A suite of microwear studies has been undertaken on Scottish microliths and other artefact and debitage classes using both low-power (Bradley 1985; Finlayson 1990; Finlayson and Mithen 1997, Finlayson and Mithen 2000) and high-power microscopy techniques (e.g. Hardy 2004). These studies reveal the complexity of microlith function and the flexibility of composite implements and the role of unmodified pieces and as such offer strong caveats against uniform interpretations of artefact function.
Coarse stone and pebble tools, such as the distinctive so-called limpet hammers and limpet scoops were among the earliest forms identified from shell midden sites (Anderson 1898). There is considerable variety in the types and forms of coarse stone implements (hammerstones, anvils, pebble tools, etc.) recovered from sites and these have suffered from lack of field recognition and unsystematic analysis (Clarke 1990; 2009; section 4.1.1 above). A number of waisted pebbles found as surface finds in the Tweed Valley and interpreted as net sinkers have also traditionally been attributed to the period (Saville 2004c; Warren 2005). The question of whether pebble stone axeheads are an element of pre-Neolithic assemblages in Scotland is still debated (Saville 1994c; 2009). Other distinctive forms of coarse stone implements such as hollowed stone palettes have been recognised at a couple of sites (Finlay et al. 2003) and limited residue analysis has also been undertaken with mixed results (Finlay and Whitehead 2000). No decorated or incised pieces are as yet known from Scotland although these have been found elsewhere in the British Isles, for example at Rhuddlan, north Wales (Berridge with Roberts 1994) or the incised flint pebbles at Hengistbury Head, Dorset (Barton 1992).
Though the study of Mesolithic coarse stone tools has not flourished in the same way as that of flaked lithic assemblages it holds considerable potential, highlighted by the work of Clarke (2009).

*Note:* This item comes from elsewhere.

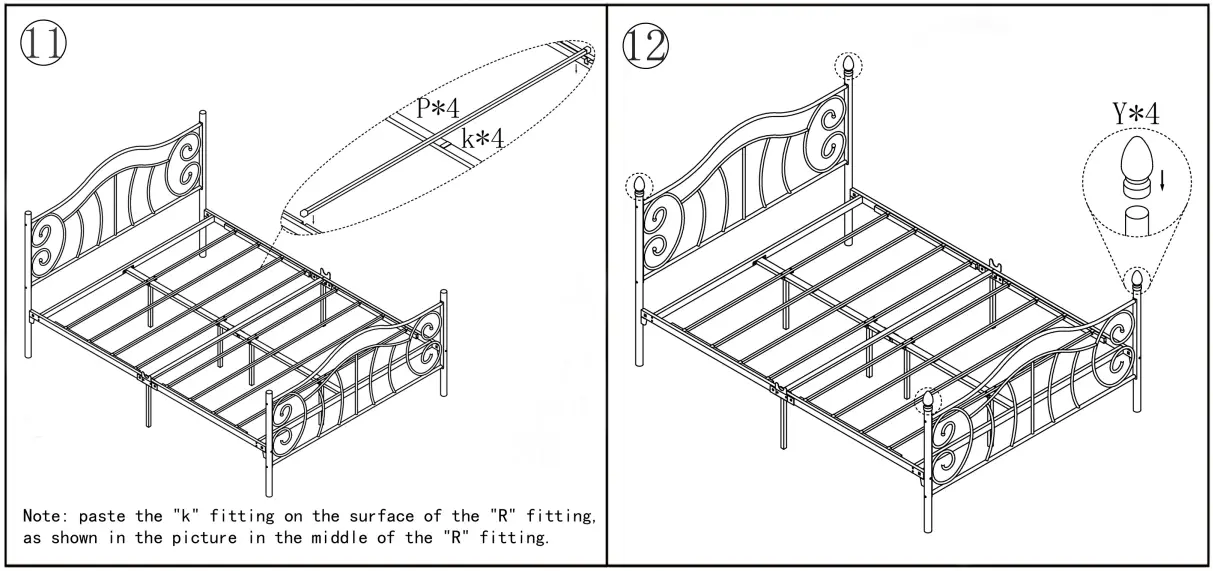 Home Depot BF 761G 6043 in W White Metal Frame Queen Platform Bed with Headboard and Footboard - fig 5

There has been no overall consistent methodological approach, nor has there been consensus regarding terminology, or approach in the recording of wear traces. The consequence is that stone tool catalogues which have been produced by various researchers over decades cannot be easily interrogated for intra-site comparisons.

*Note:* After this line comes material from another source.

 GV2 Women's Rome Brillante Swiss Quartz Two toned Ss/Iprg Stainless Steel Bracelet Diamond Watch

Experimental approaches to pebble tools and associated bone and antler forms have also formed an important part of archaeological investigations, from the experimental use of concrete limpet hammers to knock limpets off rocks (Clark 1956) to more recent studies involving hide working (Griffitths and Bonsall 2001; Barlow and Mithen 2000; Birch 2009).
Other categories of stone finds include fire-cracked rocks and pieces of pumice. While not deliberately modified, fire-cracked rocks have tended to be overlooked and more systematic recovery and analysis of these pieces would be likely to yield enhanced understandings of Mesolithic pyrotechnologies. Pieces of modified and unmodified pumice are also infrequent finds (mostly on coastal west coast sites). Several of those that have been analysed are dated to particular volcanic eruptions which provide a useful dating control (Newton 1999).